The problem comes from a confusion of terms. Profit-seeking behavior, markets and efficient capital allocation are not synonymous, and the presence of one does not guarantee the presence of the others.
A “market,” after all, is nothing more than a description of our collective allocation of resources. Economists refer to markets as being efficient only when they meet a specific set of conditions, at which point the benefits that accrue from Adam Smith’s invisible hand are realized through the independent actions of profit-seeking actors. But most markets are inefficient—often woefully so. Effective regulatory processes can make markets more efficient—but regulatory processes that seek to bypass market forces will serve only to increase the inefficiency of the markets that remain.
What Economic Theory Actually Says About Markets
Basic economic theory says that price is a function only of supply and demand, and therefore is a perfect reflection of all of the information affecting both sides of that equation: production costs, consumer preferences, future availability of raw materials, competing options, possible changes in regulation, and so on. To the extent that this price-omnipotence is obtained, markets for the good/service in question are completely free to optimally allocate their scarce resources: money flows to its best use, labor is perfectly matched to the talents and demands of the community and natural resources are precisely consumed in careful consideration of both their present and future values.
Assuming perfection makes for easy choices. Adonis didn’t have to worry about changes to his diet, exercise routine, fashion sense or hairstyle since knew that any change to his perfect form would, by definition, render him imperfect. Many regulators and journalists fall into this same Adonis-trap when discussing markets. Any policy change intended to encourage different behaviors is dismissed as a step towards imperfection—and any unsuccessful business/technology is not worthy of regulatory support since “if it’s such a good idea, our perfect markets would have already done it.”
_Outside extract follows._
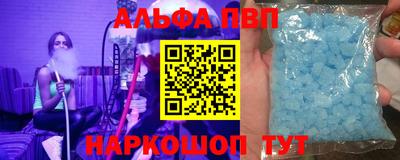 молекула духа Среднеуральск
But here’s the rub: economic theory does not claim that markets are perfect. It simply explains how capital would be allocated if they were. As proof, look no further than the Nobel committee:
- Robert Solow won the Nobel in 1987 in part for making the observation that economic theory implies that prices will always be driven down to the marginal cost of production. If this occurred, corporate profits, the reinvestment of those profits and ultimately economic growth would be mathematically impossible. Solow’s insight was that this persistent “impossibility” exists in part due to technological progress. But note the implication: the presence of economic growth implies the absence of perfect markets.
- Daniel Kahneman and Vernon Smith shared the 2002 Nobel for their work in behavioral economics. They showed (among other things) that prices depend significantly on context rather than fundamentals of supply and demand, and thus the “signal” that price sends to the market is often incompatible with that required for efficient capital allocation.* Again, note the implication: perfect markets may incompatible with the way the human brain works.
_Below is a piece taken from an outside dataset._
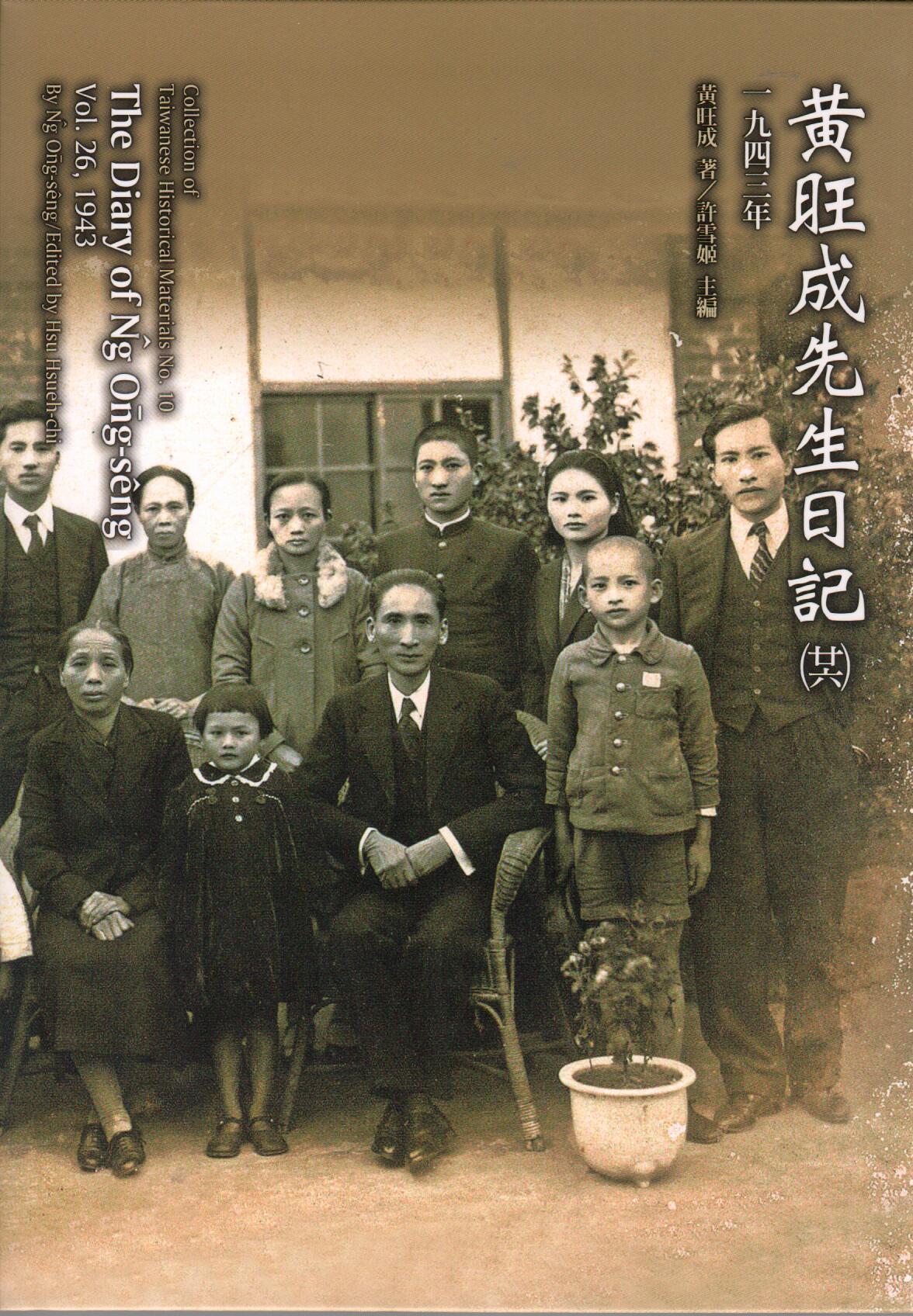 黃旺成先生日記 廿六: 一九四三年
* (An example: would you go 10 minutes out of your way to save $20 on a $100 piece of furniture? Would you also go 10 minutes out of your way to save $20 on a $20,000 car? If you answered yes to the first but no to the second, you have demonstrated economic irrationality by “charging” for your time based on variables other than supply, demand and your marginal cost. Shame on you!)
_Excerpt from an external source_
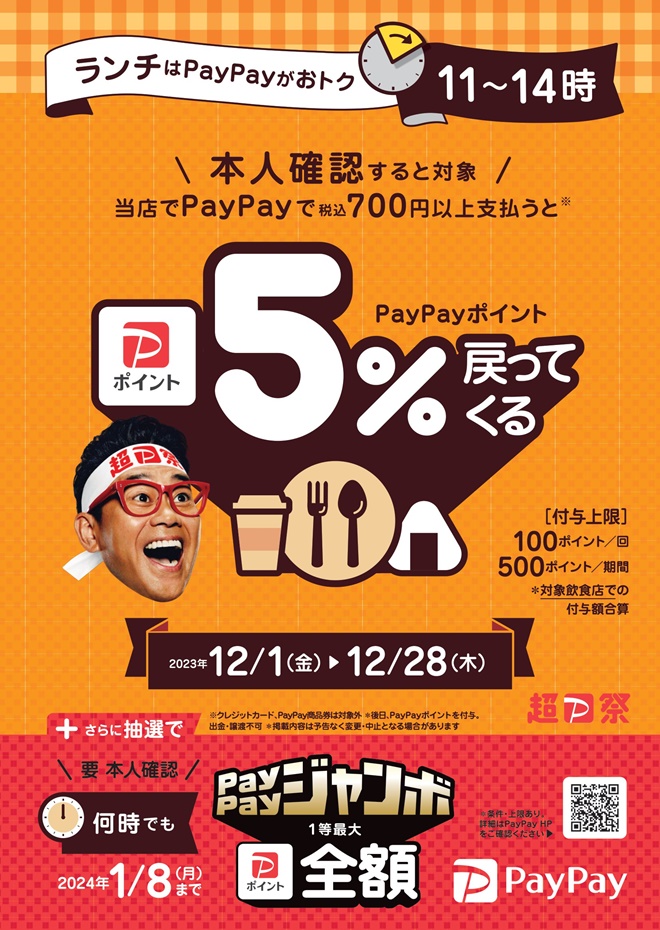 ランチはPayPayがおトク！決済金額の最大5%戻ってくるキャンペーン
So why does the perfect market theory persist? Two reasons:
- It’s a useful approximation tool. Knowing how to calculate the area of a circle is helpful, even if there are very few naturally-occurring perfect circles. Similarly, there are many markets (commodities being an obvious example) where actual behavior can be very nearly approximated and understood with perfect market theory.
- It’s a useful policy tool. If we understand the conditions that allow a perfect market to exist, we are better able to craft policies that will reap its rewards.
For policy purposes, this latter point is critically important. Recall Solow’s insight that perfect markets are incompatible with profits. That is understood at a gut-level by every business owner who has seen competition drive down their margins—which is why businesses seek to make their markets as imperfect as possible. In turn, we have created regulatory agencies (like the SEC) to counter-balance. That is a healthy tension, and a good model for well-informed policy: don’t simplify markets as pure good or pure bad, but rather seek to create conditions that facilitate efficient markets.
So what are the conditions under which “perfect” markets exist?
- There are no barriers to entry and exit.
- No single entity can independently act to control price.
- Markets consist of many buyers and many sellers.
- There is perfect information; all prices up and down the value chain are fully known to all buyers and sellers.
- All sellers seek to maximize their profits.
- The good/service traded in the market is perfectly homogeneous, such that there is no differentiation (other than price) between competing suppliers.
It’s pretty easy to identify imperfect markets with from this list. Want to find a barrier to entry? Try to start a new car company tomorrow. Barrier to exit? Try to sell your house. Imperfect information? Look no further than Bernie Madoff. But it’s also easy to use this list to guide good policy that will steer markets towards perfection.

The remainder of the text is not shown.